[What is being asked]
Retype, word for word, every line of the records below starting at the one that contains "vostokbeats" and ending at the one that contains "-牙博士口腔品牌连锁(昆山城区店)"; include both of those lines and nothing more.

[Records for processing]
----

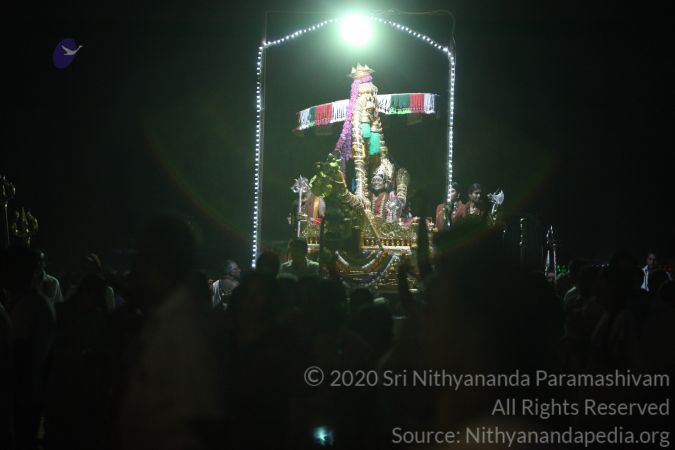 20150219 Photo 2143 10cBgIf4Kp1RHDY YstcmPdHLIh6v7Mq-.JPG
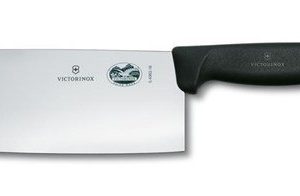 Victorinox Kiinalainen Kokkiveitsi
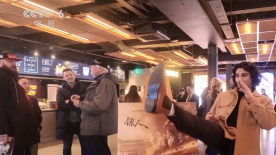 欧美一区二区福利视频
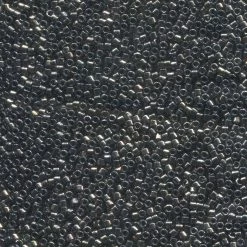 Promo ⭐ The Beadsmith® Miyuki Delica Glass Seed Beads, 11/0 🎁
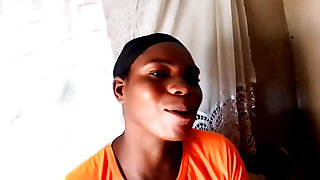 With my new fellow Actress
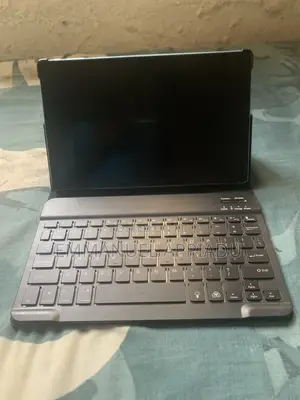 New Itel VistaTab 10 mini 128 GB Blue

----

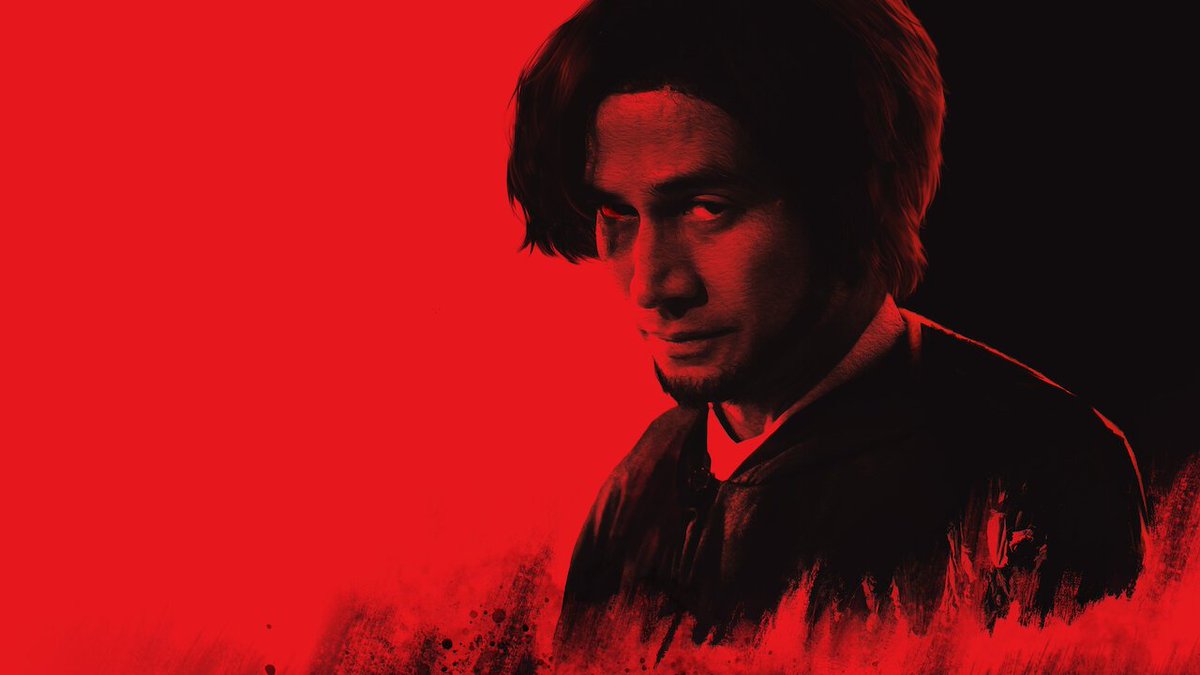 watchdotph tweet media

----

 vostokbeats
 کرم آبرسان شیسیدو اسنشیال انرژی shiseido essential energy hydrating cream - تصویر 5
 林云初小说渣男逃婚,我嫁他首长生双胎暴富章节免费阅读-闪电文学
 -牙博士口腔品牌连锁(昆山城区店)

----

[Your solution]
 vostokbeats
 کرم آبرسان شیسیدو اسنشیال انرژی shiseido essential energy hydrating cream - تصویر 5
 林云初小说渣男逃婚,我嫁他首长生双胎暴富章节免费阅读-闪电文学
 -牙博士口腔品牌连锁(昆山城区店)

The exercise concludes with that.